The state of California on Thursday banned the use of Bitcoin and other cryptos for the purpose of making political donations given concerns about lack of transparency. The Fair Political Practices Commission (FPPC) voted 3-1 to prohibit such donations, per Associated Press report. In 2014, the U.S. Federal Election Commission allowed candidates to accept contributions in cryptocurrencies but some states have since passed rules preventing crypto-denominated donations.
Several lawmakers this week called on the Internal Revenue Service (IRS) to publish clear and robust guidance for taxpayers who are active in cryptocurrencies, citing difficulty in complying with laws and regulations that are ambiguous. Five members of Congress submitted an open letter sent to IRS commissioner David Kautter encouraging the agency to stop dragging its feet.
The influential Ways and Means Oversight Subcommittee stated in its letter that the IRS has lacked progress in providing clarity even after four years of studying the matter.
"[The] IRS is seeking to enforce guidance that does not adequately advise taxpayers of their tax obligations when using virtual currencies. Furthermore, while the issues surrounding virtual currencies are complicated and ever evolving, a key component of the IRS’s duties as the nation’s tax administrator is to assist taxpayers in understanding what their tax obligations are and how they may best meet them. A failure to put forth adequate guidance severely hinders taxpayers' ability to do so."
The letter was sent from the office of committee chairman Kevin Brady (R-TX).

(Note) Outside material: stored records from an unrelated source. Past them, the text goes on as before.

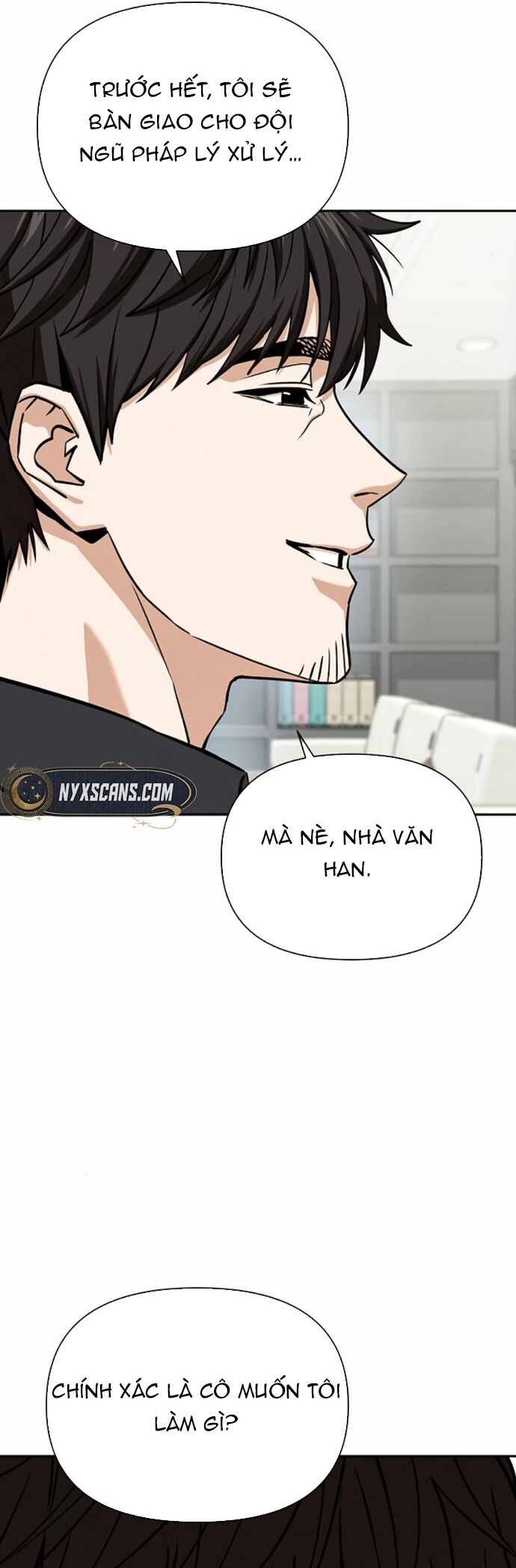 page_62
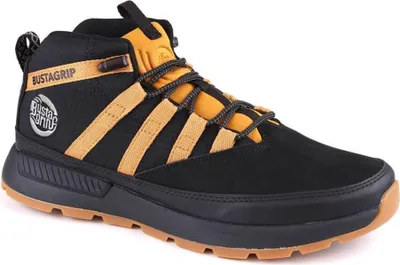 Image de Chaussures Bustagrip MRM9B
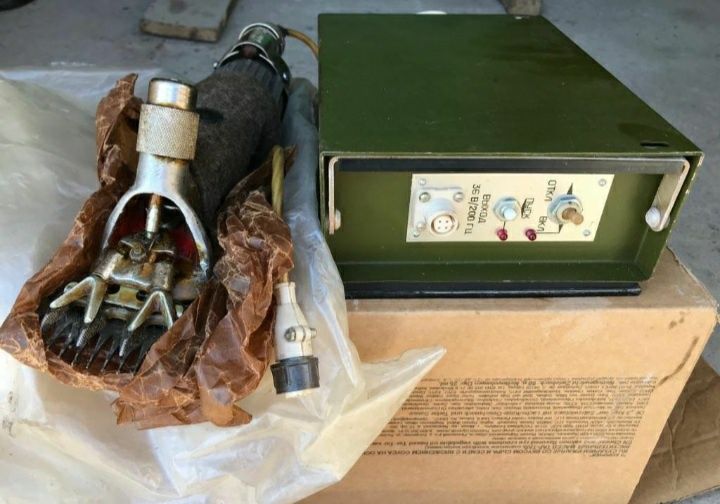 Qo'y yungini olish  xizmati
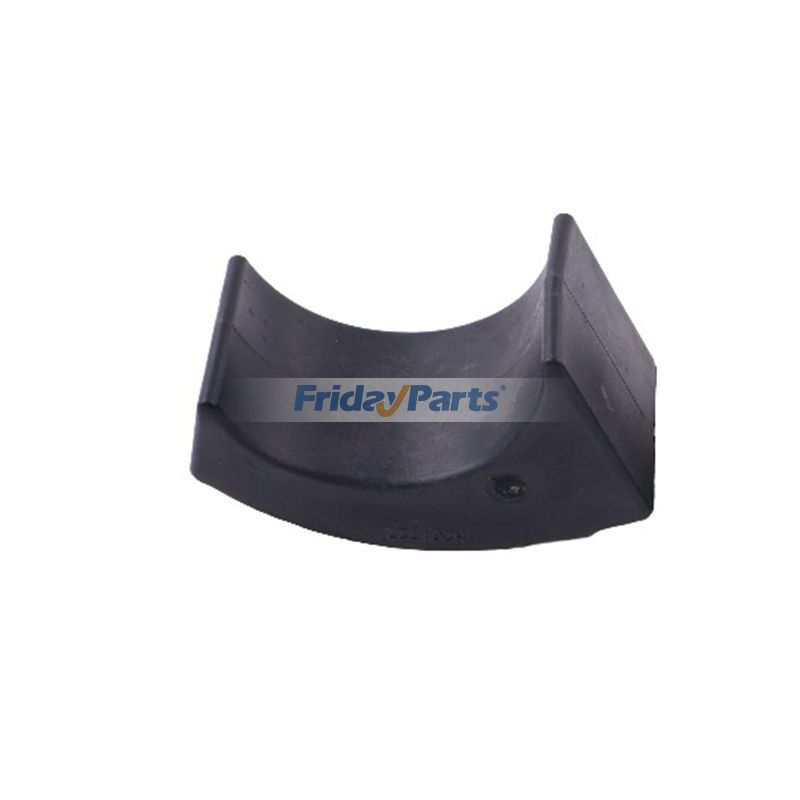 Feeder Haus Pivot Retainer H201727 für John Deere Mähdrescher 9450 9550 9560 9650 9660 9470STS W650 W660 9780i-CTSfür Für JOHN DEERE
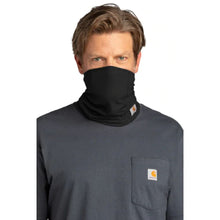 Carhartt - Cotton Blend Gaiter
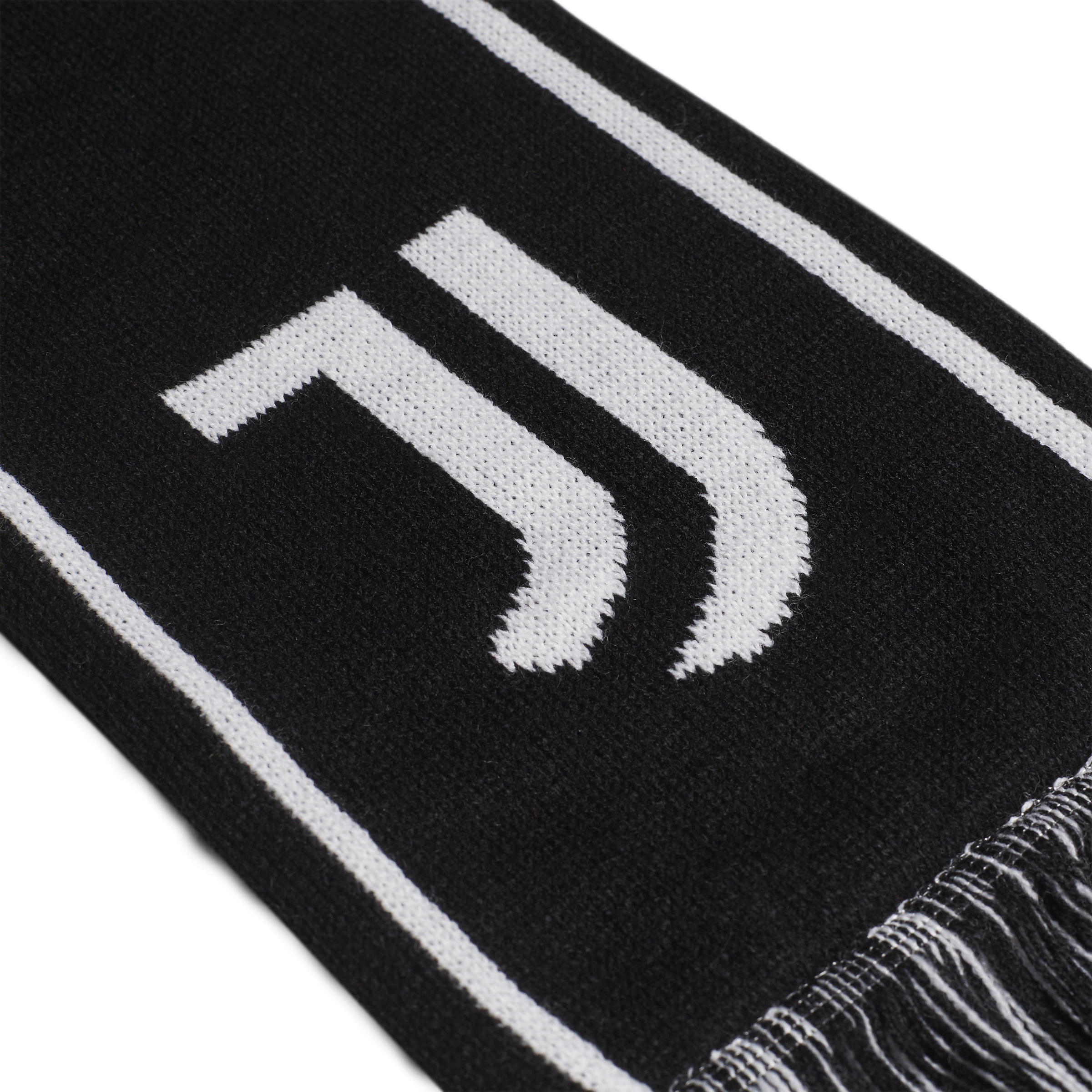 Adidas Juventus Scarf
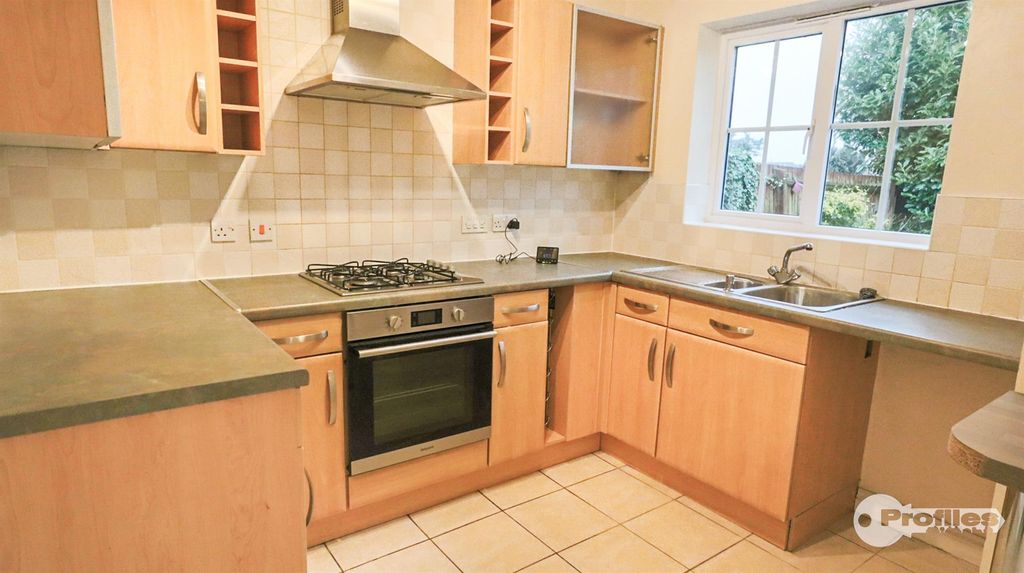 Property photo 3 of 21 Img_9069.Jpg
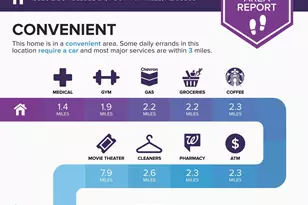 15526 E Bumblebee Ln, Fountain Hills, AZ 85268 - Photo 48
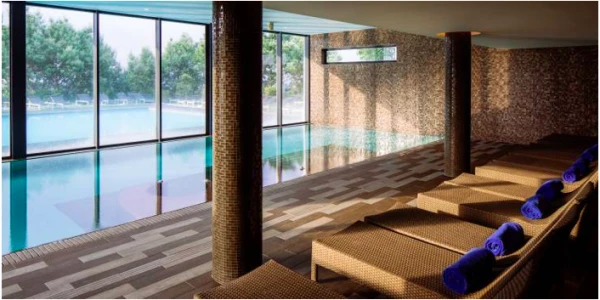 Image for Monchique Resort & Spa - Portugal 
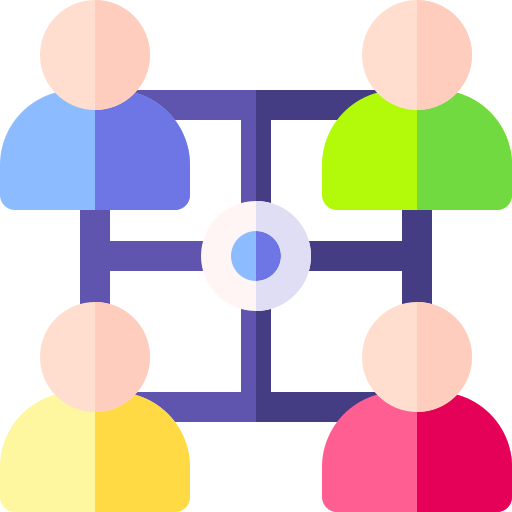 Иконка инноваций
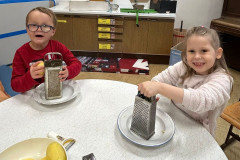 Bramborové hody - 15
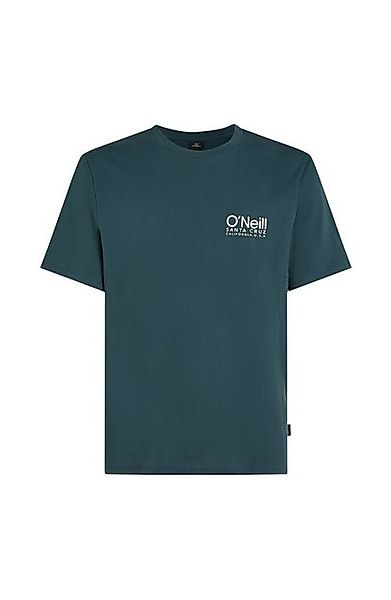 O'Neill T-Shirt günstig online kaufen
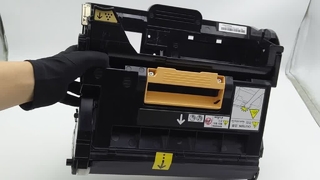 تعویض واحد درام Xerox 113R00773 برای Phaser 3610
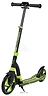 Techteam Crosser green 1/2 601137
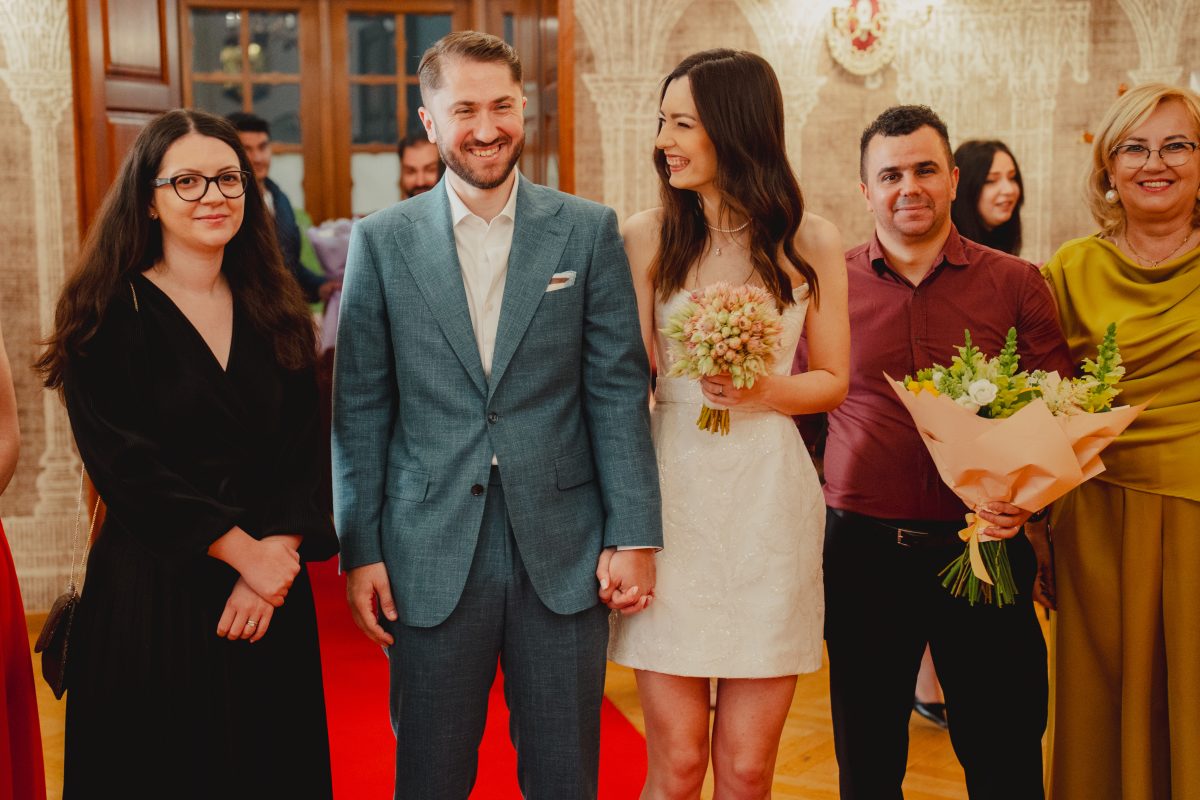 fotograf cununie civila bucuresti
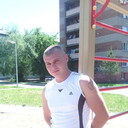 ���������� ���������, ���� ������� �������, 37 ���, ������������ ��� ������, ����� � ���������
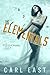 The Elementals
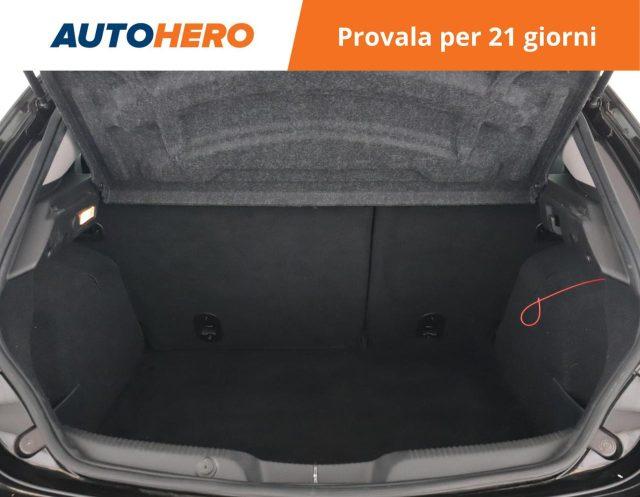 ALFA ROMEO Giulietta 1.6 JTDm 120 CV Super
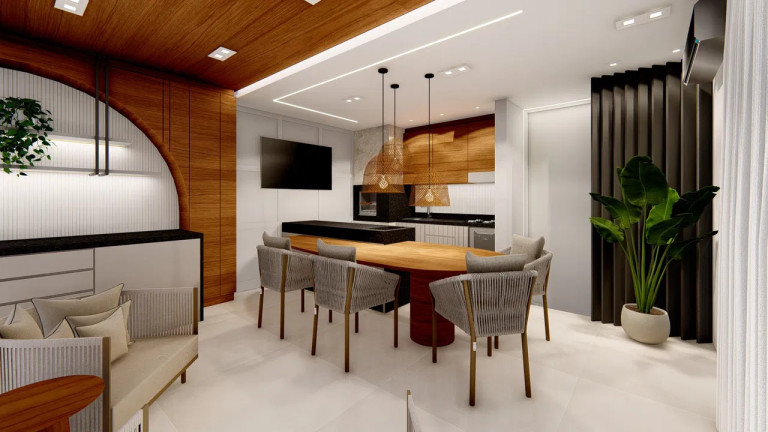 Imagem Casa com 3 Quartos à Venda, 184 m² em Centro - Balneário Camboriú Imagem Casa com 3 Quartos à Venda, 184 m² em Centro - Balneário Camboriú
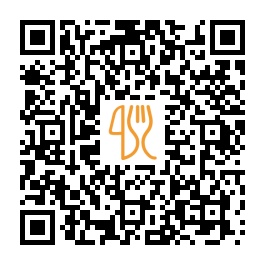 QR-Code zur Speisekarte von Iltong Iban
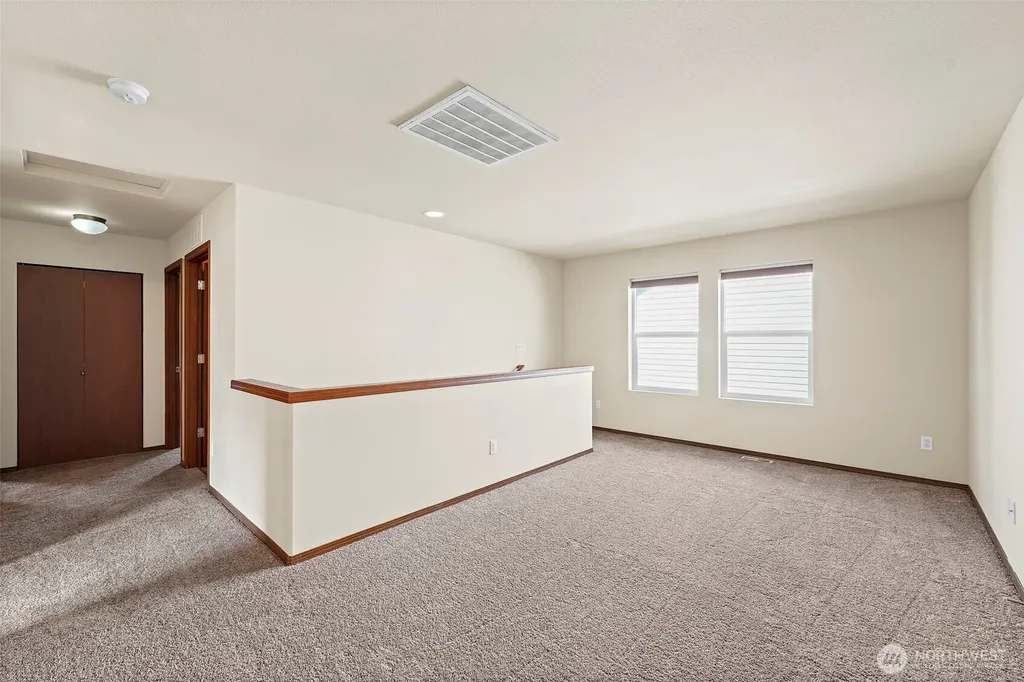 1413 177th Street E Spanaway WA 98387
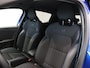 Renault Clio 1.6 E-Tech Full Hybrid 145 esprit Alpine | stoel verwarming | stuur verwarming | stoel verwarming | climate control |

Meanwhile, a former official said on Thursday that it was up to Congress — and not necessarily the executive branch — to form the regulatory framework around cryptos. Speaking at a conference in New York, Sheila Bair, the former chair of the Federal Deposit Insurance Corporation (FDIC), said "The SEC has done a lot of good work … but Congress probably needs to step in with some sort of federal regulatory framework for the marketing, trading, and selling of these assets."